Will it be faster when the multiple processes is run in GPU?

jeffgortmaker / pyblp

BLP Demand Estimation with Python

https://pyblp.readthedocs.io

MIT License

240 stars 83 forks source link

Will it be faster when the multiple processes is run in GPU? #87

Closed jansonleeljs closed 3 years ago

jansonleeljs commented 3 years ago

I read the codes in basics.py and problem.py, and understand that the market-by-market computations are distributed into multiple threads by multiprocessing.pool and the function generate_items. I'm wondering whether it would be faster if the market-by-market computation works are allocated to GPU? I really appreciate it if you can offer me some suggestions.
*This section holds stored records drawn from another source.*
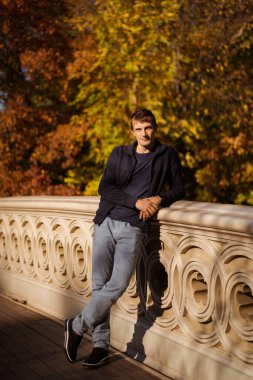 Sonbaharda New York Manhattan Central Park, göl üzerinde köprü. Genç bir adam New York 'ta bir sonbahar parkında yürüyor..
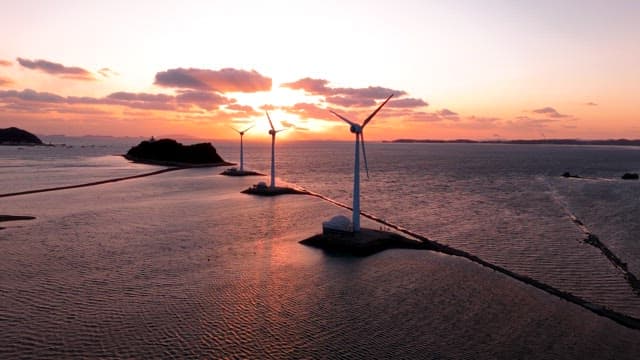 Wind turbines at sea during sunset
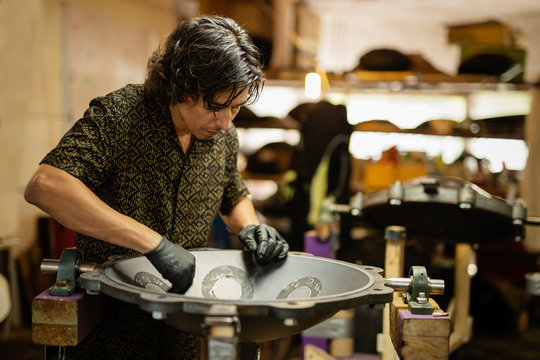 Craftsman designing handpan iCraftsman in his workshop making design and construction of Handpan, a metal percussion instrument.nstrument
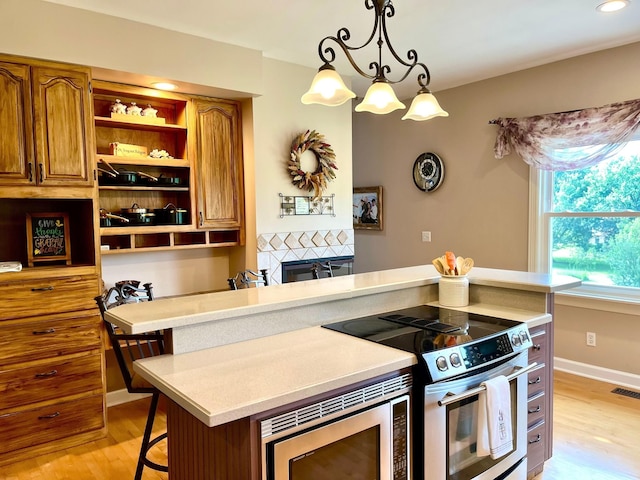2214 Henpeck Ln, Franklin, TN 37064 - kitchen featuring appliances with stainless steel finishes, light wood finished floors, brown cabinetry, light countertops, and recessed lighting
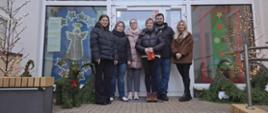 Rada rodziców pozuje do zdjęcia przed wejściem do przedszkola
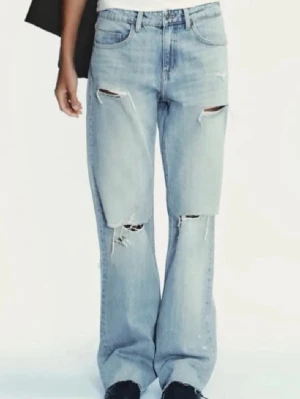 Ljusblå slitna raka jeans - Säljer ett par ljusblå jeans med  slitningar och hål på både lår och knän. Jeansen har klassisk femficksmodell och hög midja. Perfekta för en avslappnad och trendig look. Säljer pga att de inte längre passade mig. Längden passar någon som är ca 160 - 165 cm lång.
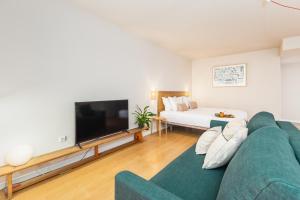a living room with a green couch and a flat screen tv at Dream On - Clérigos Lofts in Porto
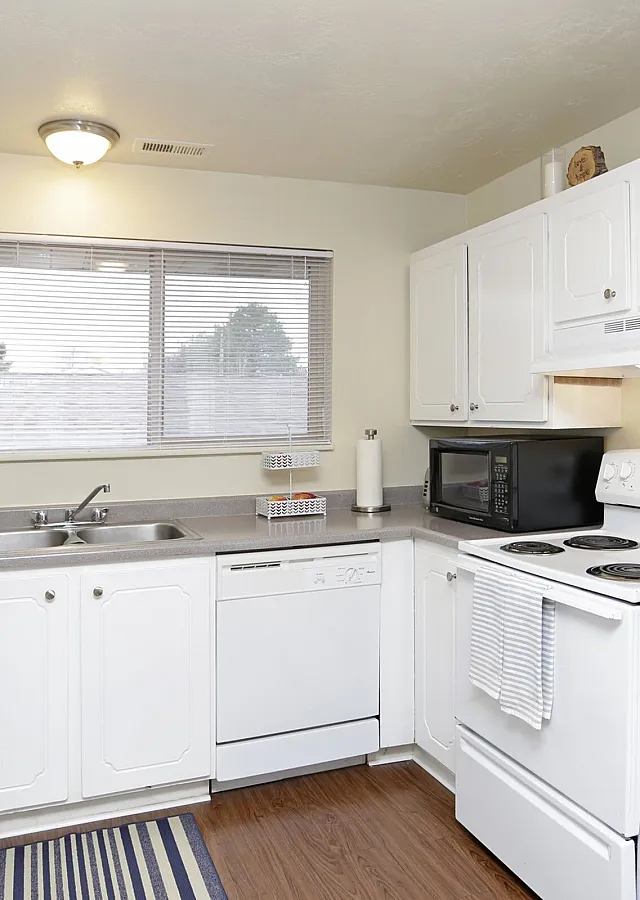 Bright kitchen with white cabinets and a window over the sink at Braewood in Murray, UT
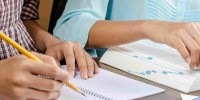 Hands writing notes with a pencil, with open text book alongside notebook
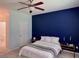 Comfortable bedroom featuring a ceiling fan, bedside tables, and a calming color scheme at 3006 Central Ring Ct, Ridgeville, SC 29472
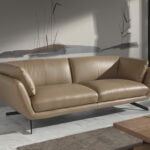 3 seater sofa upholstered in leather and black steel legs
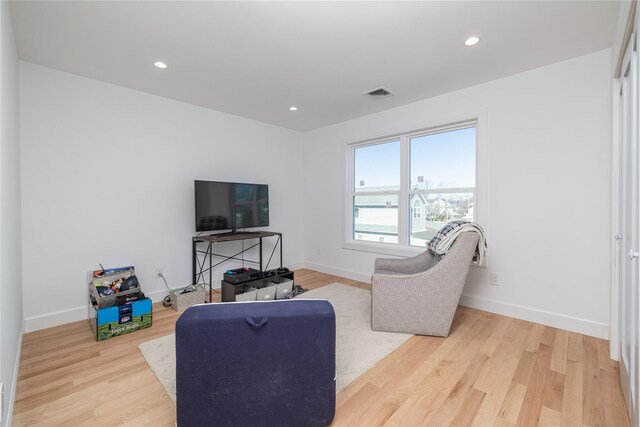 living area featuring baseboards, visible vents, wood finished floors, and recessed lighting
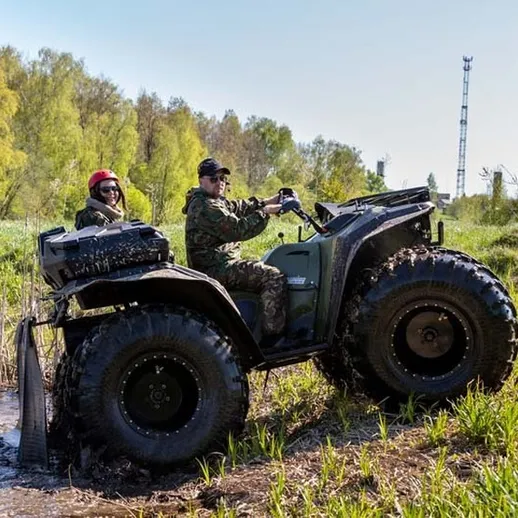 На квадроцикле проезжают через болотистую местность весной, исследуя окрестности леса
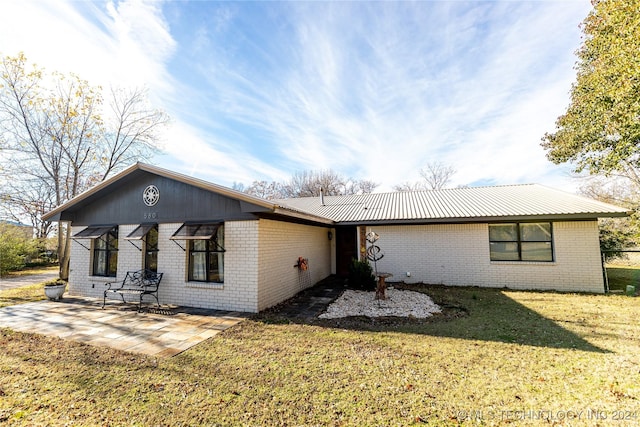 rear view of property featuring metal roof, a yard, brick siding, and a patio area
chrisconlon commented 3 years ago

It is safe to say that right now the market by market computations (solving the contraction mapping, etc.) are all parallelized, but nothing has been optimized or tested on the GPU.

In my experience, on large-scale real world examples, PyBLP does a pretty good job keeping all of your cores occupied. It helps that NumPy front-ends the BLAS which also knows how to use multiple threads for things like matrix-matrix multiplication.

One particular disadvantage for GPUs is that they generally perform single precision calculations which can be problematic if shares get really small, etc.

jeffgortmaker commented 3 years ago

Yeah, we don't have any explicit GPU support. I'm going to close this for now because it seems like we've answered your question, but feel free to re-open / keep commenting / etc if you have other questions or want some pointers towards BLP-type estimation with GPUs.

I've had success with JAX, which to Chris's point needs to be manually configured to use double precision. The downsides are (1) there tend to be sharp edges in JAX-like libraries that make them a bit more difficult to use, and (2) you'd have to re-code / test the estimation routine yourself.